Tegelijkertijd is het volgens hem ook belangrijk dat talenten uit het buitenland Nederland, en daarmee ook de Lifeport-regio, blijven vinden. “Bedrijfstakken zoals automotive en semicon zijn heel internationaal. Die zijn afhankelijk van studenten uit het buitenland. Maar er worden voor die groep steeds meer barrières opgeworpen. Daardoor ontstaat ook het beeld dat buitenlandse studenten hier niet welkom zijn, terwijl we als land altijd het imago hadden van een heel goede plek voor ambitieuze studenten. Dat heeft grote gevolgen. Voor ons, maar nog meer voor de arbeidsmarkt. Als Nederland zijn gastvrije imago kwijtraakt, kan dat ook het vestigingsklimaat voor internationale bedrijven beïnvloeden. Het ingezette beleid is voor mij echt onbegrijpelijk, want het lost ook geen problemen op.”

In samenhang

Om de regio te kunnen gebruiken als campus, is samenwerken op triple-helix-niveau cruciaal. “Dat gaat de laatste tijd heel goed”, constateert Verhofstad tevreden. “Het is verstandig dat de Lifeport-regio zich focust op de thema’s gezondheid, energie en hightech. We onderkennen het belang van voldoende arbeidskracht en daarom is de human capital agenda ondertekend. Het besef dat elke schakel in de triple helix belangrijk is, wordt steeds groter. Je kunt het niet alleen.”
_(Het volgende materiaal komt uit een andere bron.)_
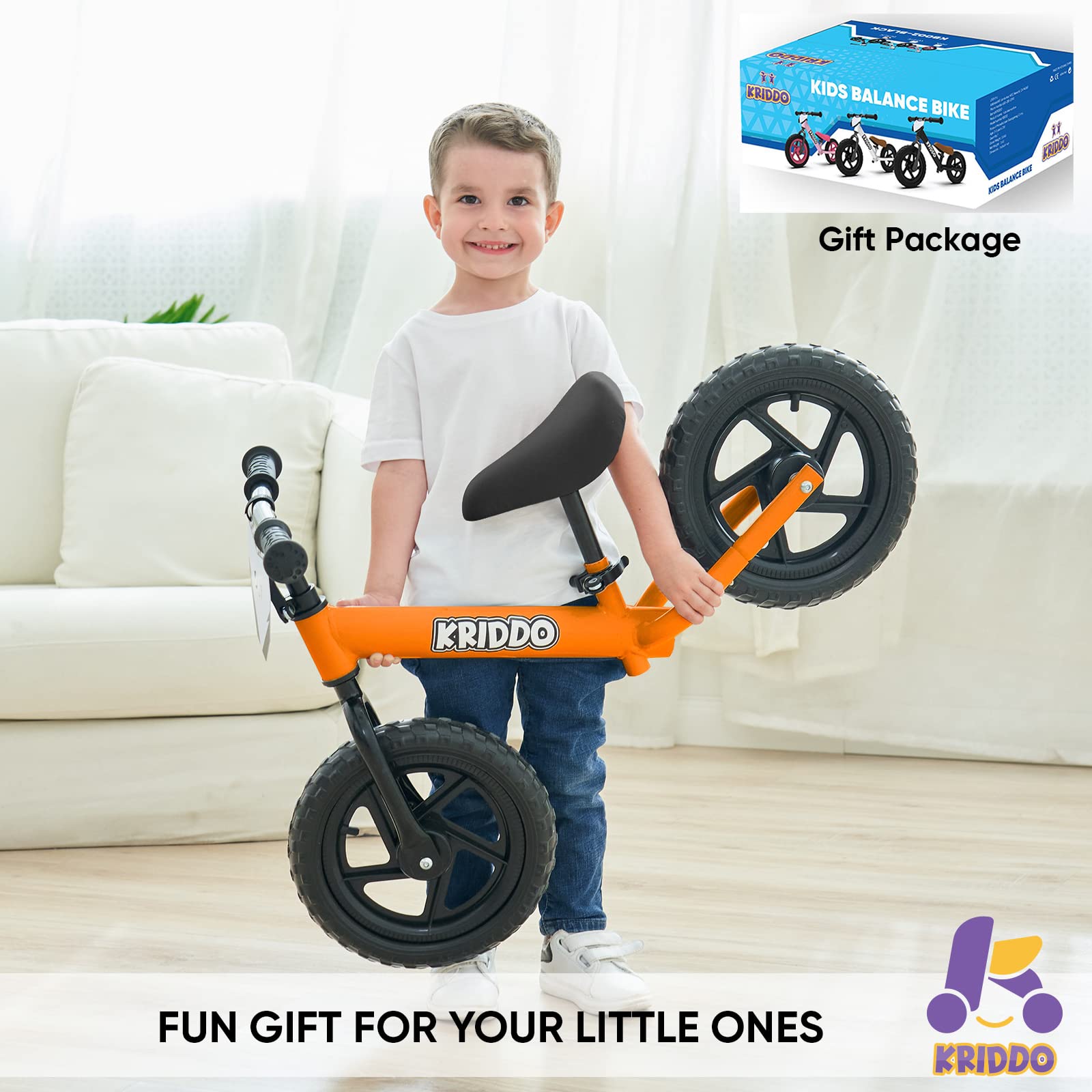 KRIDDO Orange Balance Bike for Toddlers with Customizable Plate (18 Months - 3 Years)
Hij noemt Project Beethoven als voorbeeld. “Het doel is om zesduizend talenten op te leiden voor de semiconsector. Mensen van semiconbedrijven, kennisinstellingen en overheden zijn om tafel gaan zitten om te kijken naar wat er nodig is en wat ze allemaal kunnen bieden. Zonder één van die drie schakels van de triple helix was het geen goed plan geweest.”
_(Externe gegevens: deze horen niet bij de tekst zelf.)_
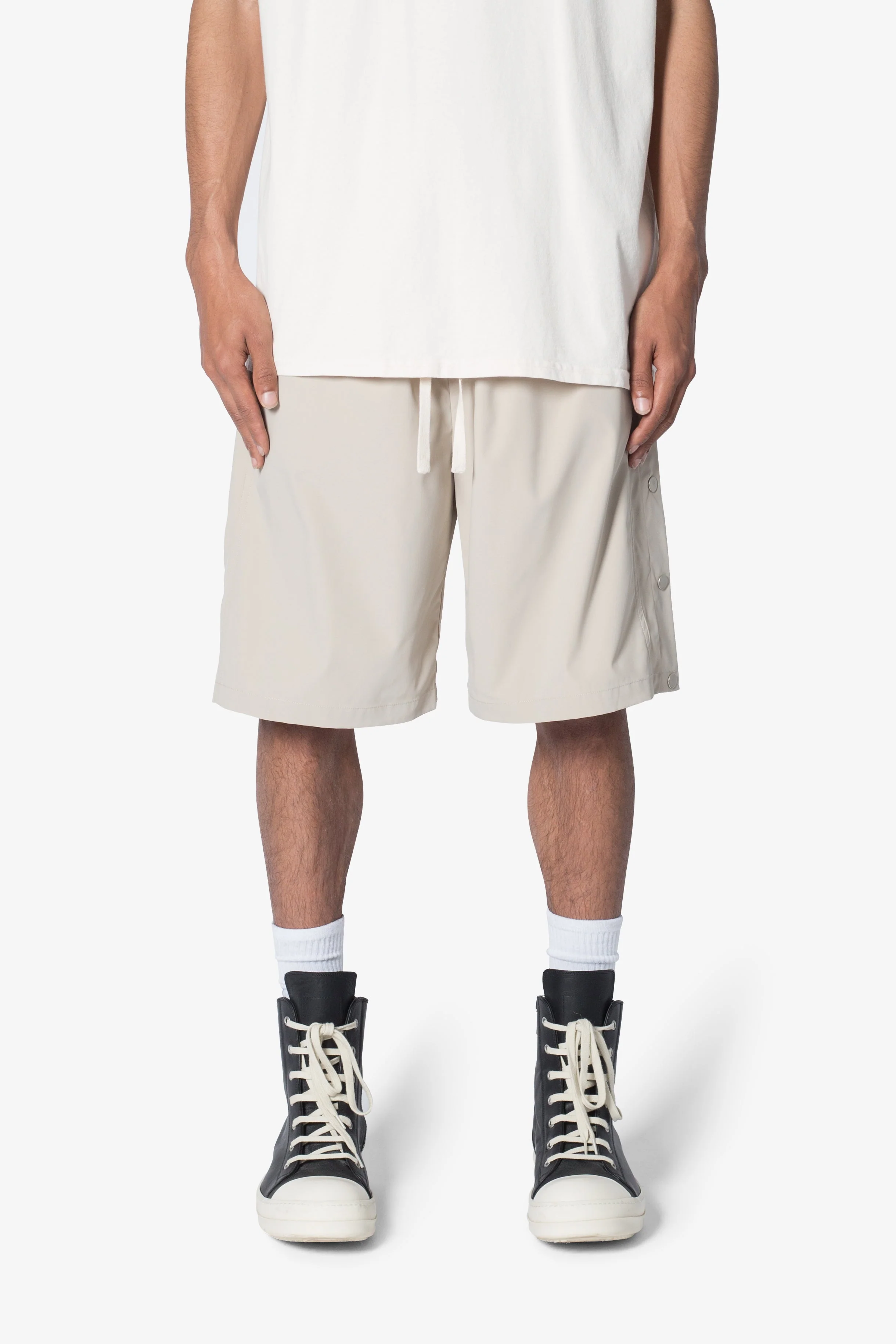 Side Snap Nylon Shorts - Tan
Ook belangrijk: de verschillende kennisinstellingen weten elkaar steeds beter te vinden. “Welk vraagstuk je ook pakt: om de volgende stap te zetten heb je nieuwe kennis nodig, maar die moet je ook kunnen toepassen en uitvoeren. Daarom heb je altijd een combinatie van universiteiten, hogescholen en ROC’s nodig. Hoe beter we dingen in samenhang kunnen doen, hoe meer impact we kunnen maken.”